„Aplikacja nie stwarza możliwości przygotowania uchwały w sprawie wieloletniej prognozy finansowej bezpośrednio w programie (...). W pierwszej kolejności należy przygotować prognozę w arkuszu kalkulacyjnym programu Excel lub innym, a następnie przenieść ją do Bestii.
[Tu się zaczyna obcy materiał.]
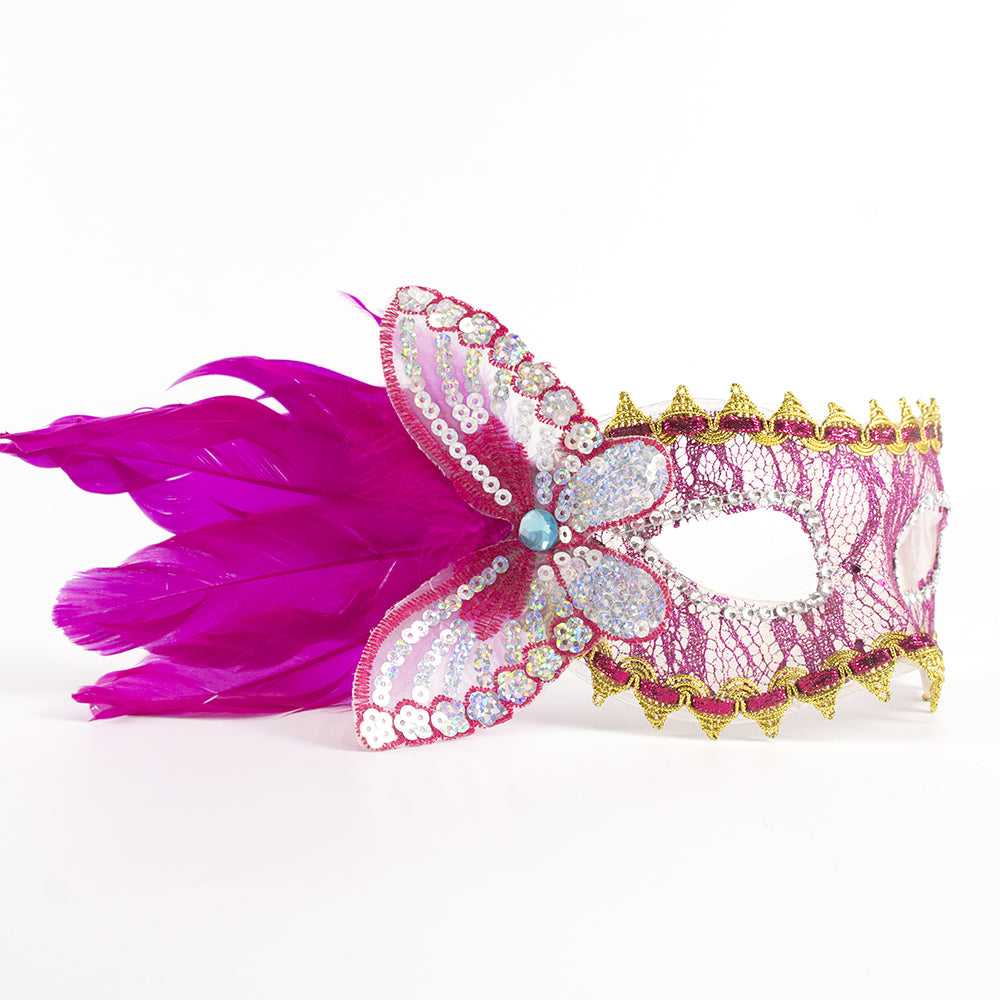 Giulia Pink Lace Butterfly Feather Venetian Masquerade Mask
W konsekwencji opracowaną prognozę wpisuje się z ręki, a więc wykonuje się podwójną pracę” – tak marszałek Marek Sowa opisuje aplikację, która miała ułatwiać pracę urzędników, a w rzeczywistości ją utrudnia.
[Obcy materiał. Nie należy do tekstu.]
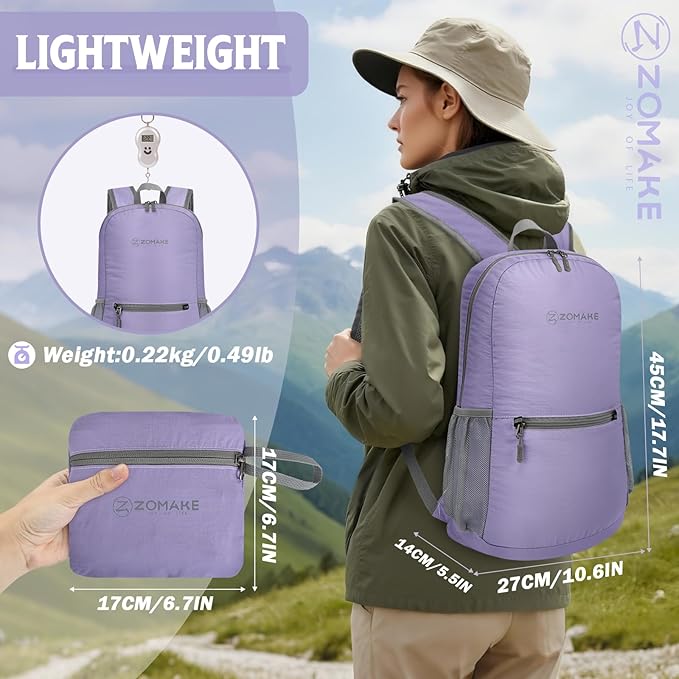 ZOMAKE Ultra Lightweight Hiking Backpack 20L - Packable Small Backpacks Water Resistant Daypack for Women Men(Lavender)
Zdaniem samorządowców, którzy z systemu korzystają, BeSTi@ jest niedopracowana i nie nadąża za zmianami wynikającymi z nowelizacji przepisów, co powoduje dublowanie czynności.
Rzecz jest o tyle ważna, że system BeSTi@ funkcjonuje we wszystkich 3 tys. jednostek samorządu terytorialnego, w regionalnych izbach obrachunkowych i w Ministerstwie Finansów. Służy do wzajemnej komunikacji między tymi instytucjami, m.in. do przygotowywania i przesyłania uchwał w sprawie wieloletniej prognozy finansowej.
Reklama
O problemy wynikające z braku aktualizacji aplikacji zapytaliśmy resort finansów nadzorujący system. Ale ten ich nie dostrzega. – System zarządzania budżetami jednostek samorządu terytorialnego, tak jak każdy inny wdrożony system informatyczny, podlega aktualizacji. Aktualizacje systemu BeSTi@ obejmują standardowe procedury dostosowujące działanie aplikacji do wymogów przepisów prawa, wprowadzonych reguł kontrolnych oraz uwzględniają zgłaszane na bieżąco uwagi od użytkowników systemu – odpisał wydział prasowy MF.
Co innego wynika z pisma marszałka. „Pomimo tych aktualizacji WPF w programie BeSTi@ nadal jest niezgodna z art. 169 ustawy z 30 czerwca 2005 r. o finansach publicznych i art. 243 aktualnej ustawy o finansach publicznych z 2009 r. Błędy dotyczą wskaźników wyliczanych w prognozie, mających kluczowe znaczenie, bowiem po ich przekroczeniu organ stanowiący j.s.t. nie może uchwalić budżetu” – wylicza samorządowiec.